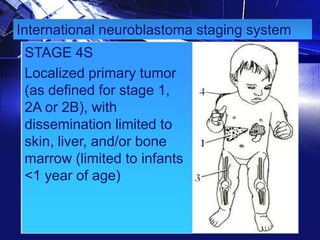 International neuroblastoma staging system
STAGE 4S
Localized primary tumor
(as defined for stage 1,
2A or 2B), with
dissemination limited to
skin, liver, and/or bone
marrow (limited to infants
<1 year of age)

 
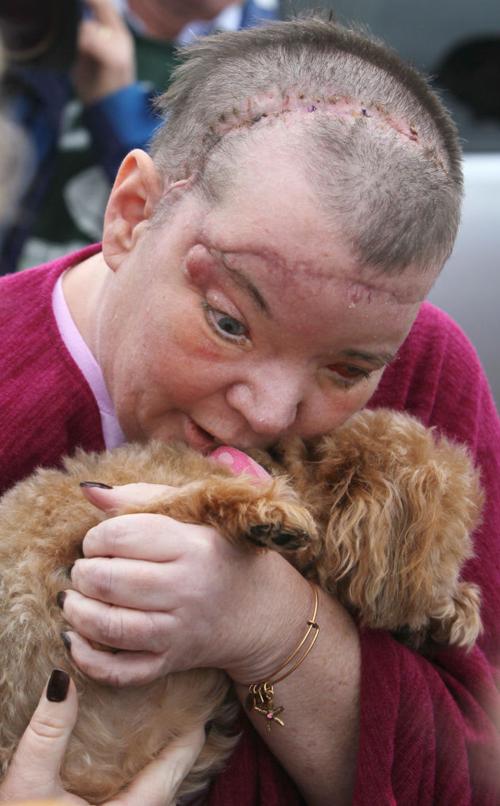 After near fatal head injury Ohio woman finds strength After near fatal head injury Ohio woman finds strength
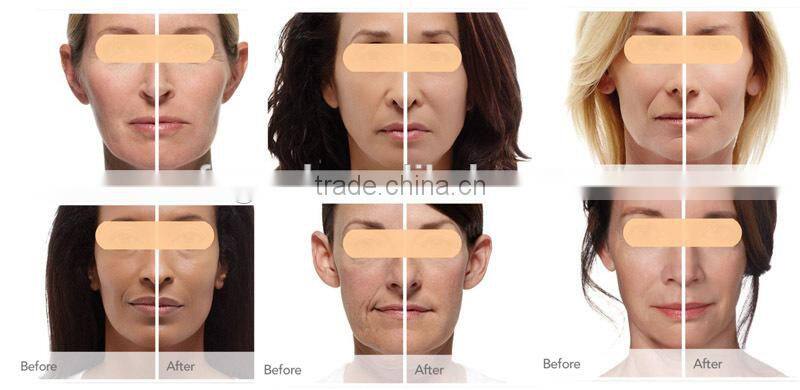 40W skin rejuvenation fractional CO2 medical laser treatment equipment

###

The task.
Look for the line that contains "marrow (limited to infants", then please copy it and the rest of the lines through the end of the data, pictures excluded.

Output for this task.
marrow (limited to infants
<1 year of age)

 
 After near fatal head injury Ohio woman finds strength After near fatal head injury Ohio woman finds strength
 40W skin rejuvenation fractional CO2 medical laser treatment equipment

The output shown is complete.